まずは介護認定を受けないことには始まりません。お母様の住んでいる地域の「地域包括支援センター」に相談し、介護認定を受けることから始めましょう。センターでは介護や高齢者の生活に関する相談はもちろん、介護保険など各種保険や福祉サービスの手続きの仕方なども教えてもらえます。

センターがどこにあるかわからない場合は、役所に問い合わせてみてください。親の家の近所で介護を受けている方がいたら、ご家族経由でケアマネジャーさんを紹介してもらうのもいいと思います。
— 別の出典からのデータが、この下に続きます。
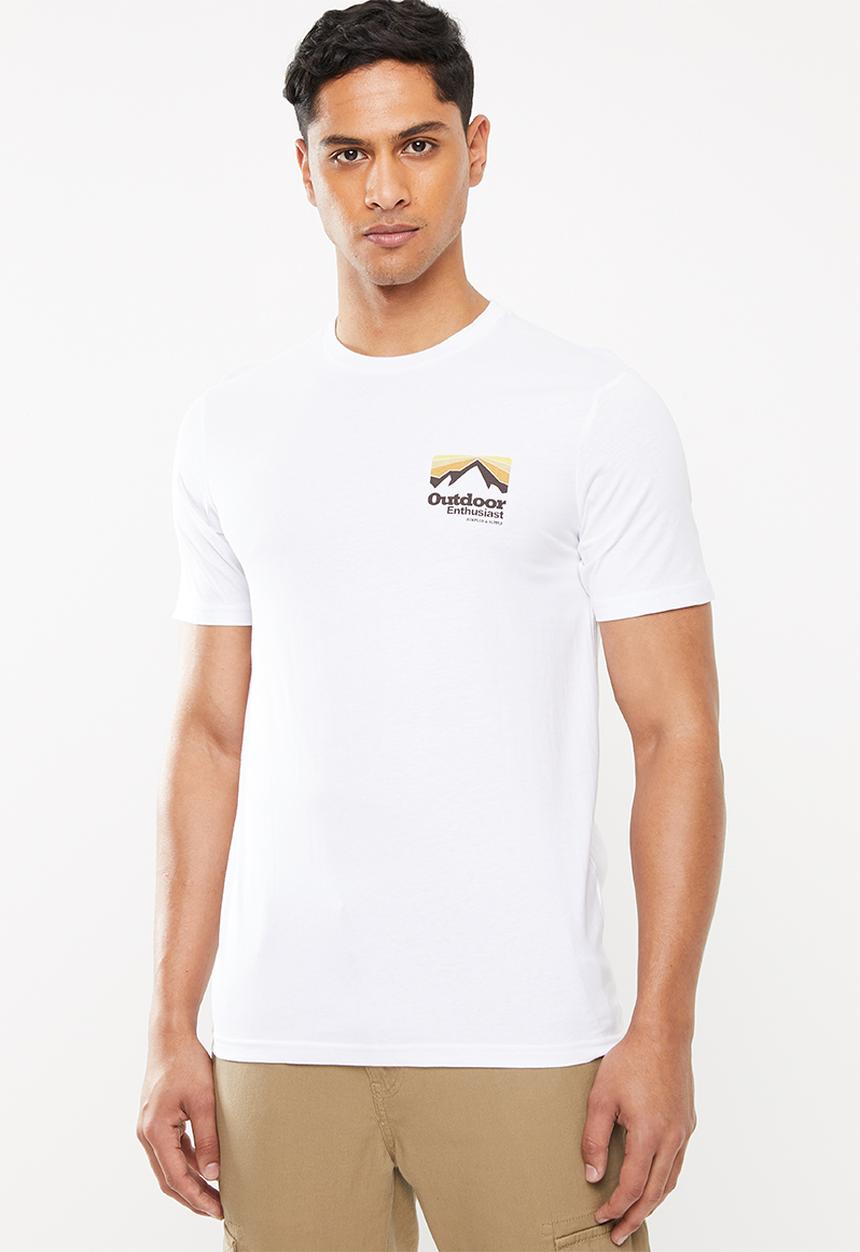Cotton On - Outdoor enthusiast supply Tbar souvenir T-shirt - white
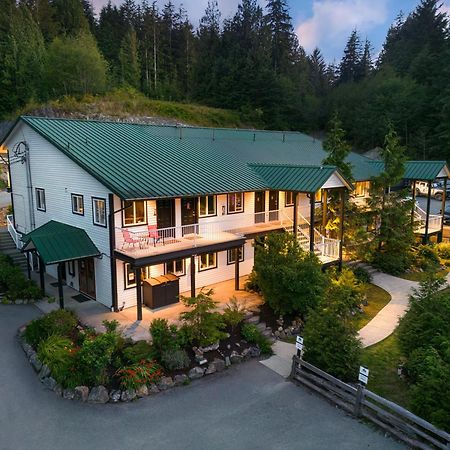 West Coast Trail Lodge Port Renfrew Extérieur photo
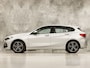 BMW 1-Serie 118i Sport Automaat (APPLE CARPLAY, GROOT NAVI, CLIMATE, LEDER, SPORTSTOELEN, PARKEERSENSOREN, CRUISE, LANE ASSIST, NIEUWSTAAT)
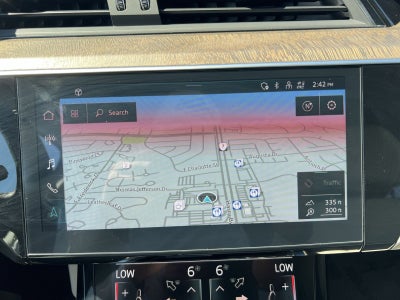 2022 Audi e-tron Premium Plus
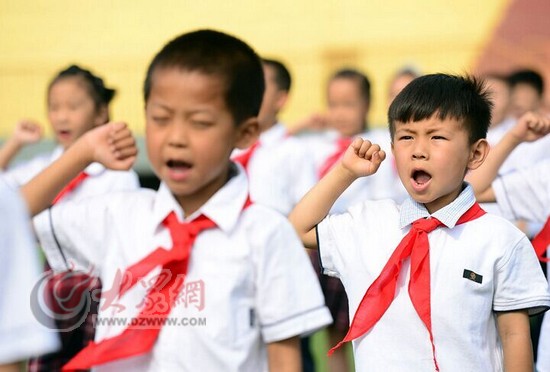 盛福实验小学200名小学生加入了少先队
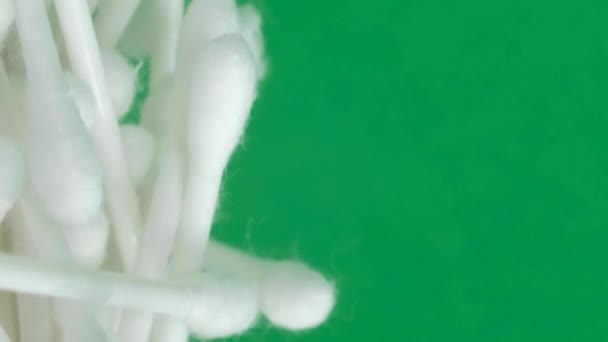 プラスチック綿棒の山か芽の上の眺めのクローズアップ バーティカルビデオ — ストック動画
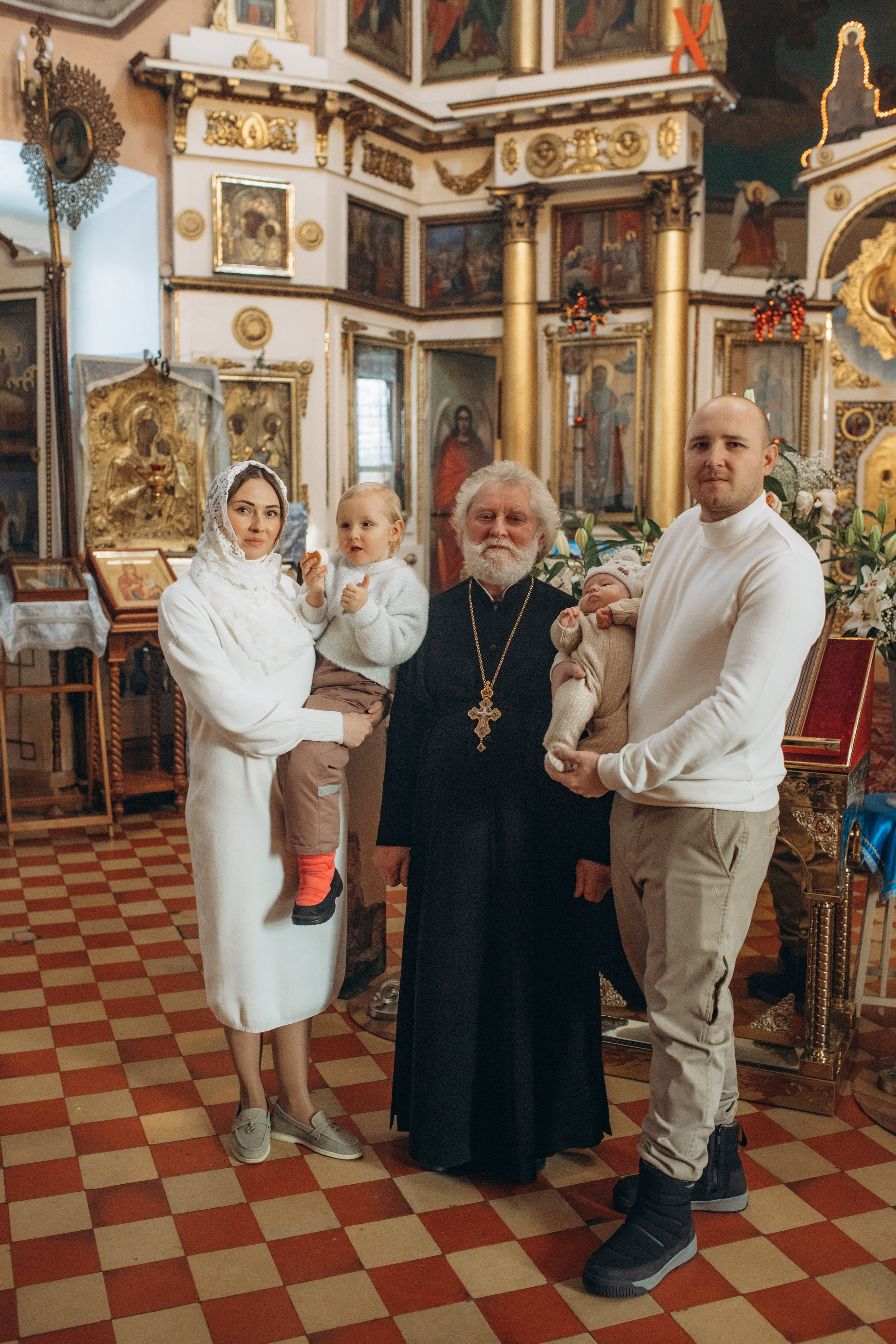 Крещение Михаил. Семейный и домашний фотограф в Москве и МО Королева Валерия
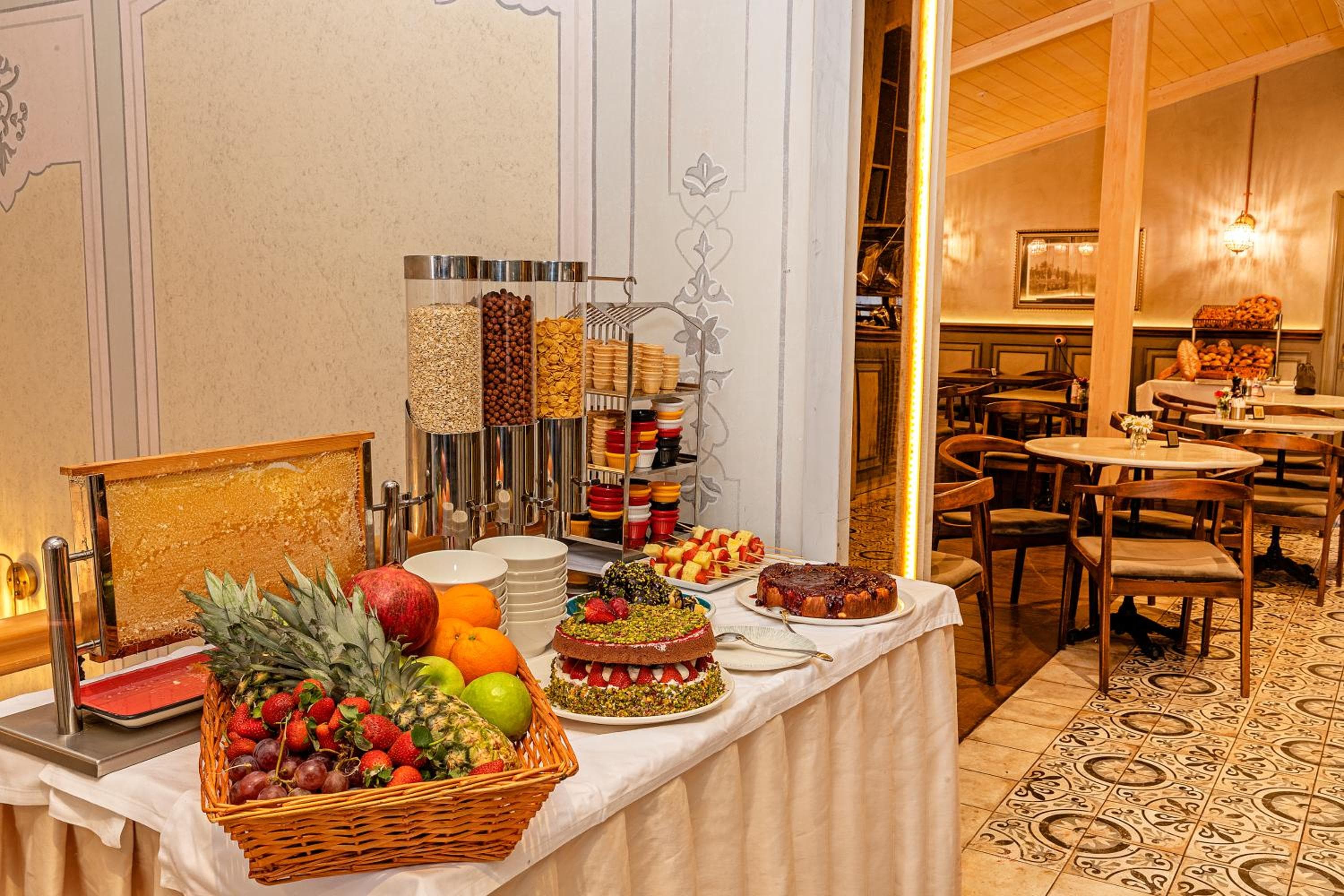 Hotel Meroddi Barnathan — 18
認定を受け、要介護度が3以上だった場合は「特別養護老人ホーム(特養)」への入所申請ができます。よく「特養は混んでいて100人待ち」などと言われますが、それは大都市に限った話。たとえば東京在住の人なら少し範囲を広げて千葉県や埼玉県に目を向けると、ほぼ待機なしの施設が見つけられるケースも。

特養の料金は親の収入と介護度で決まり、収入が少ない人は負担額も軽い仕組みになっているので、年金内で賄えることも多く、費用についてはさほど心配する必要はありません。また、築数十年の古い施設も新築の施設も料金は同じなので、親の希望によってはそのあたりも考慮するといいでしょう。

問題は、要介護度が1、2だった場合です。特養には申し込めず、介護付有料老人ホームは高額。では自宅で家族が看ればいいかというと、それも難しい。特に認知症の場合、足腰がしっかりしている人が多く、徘徊などするため目を離せないからです。要介護2のまま、介護期間が長びくケースも多々あります。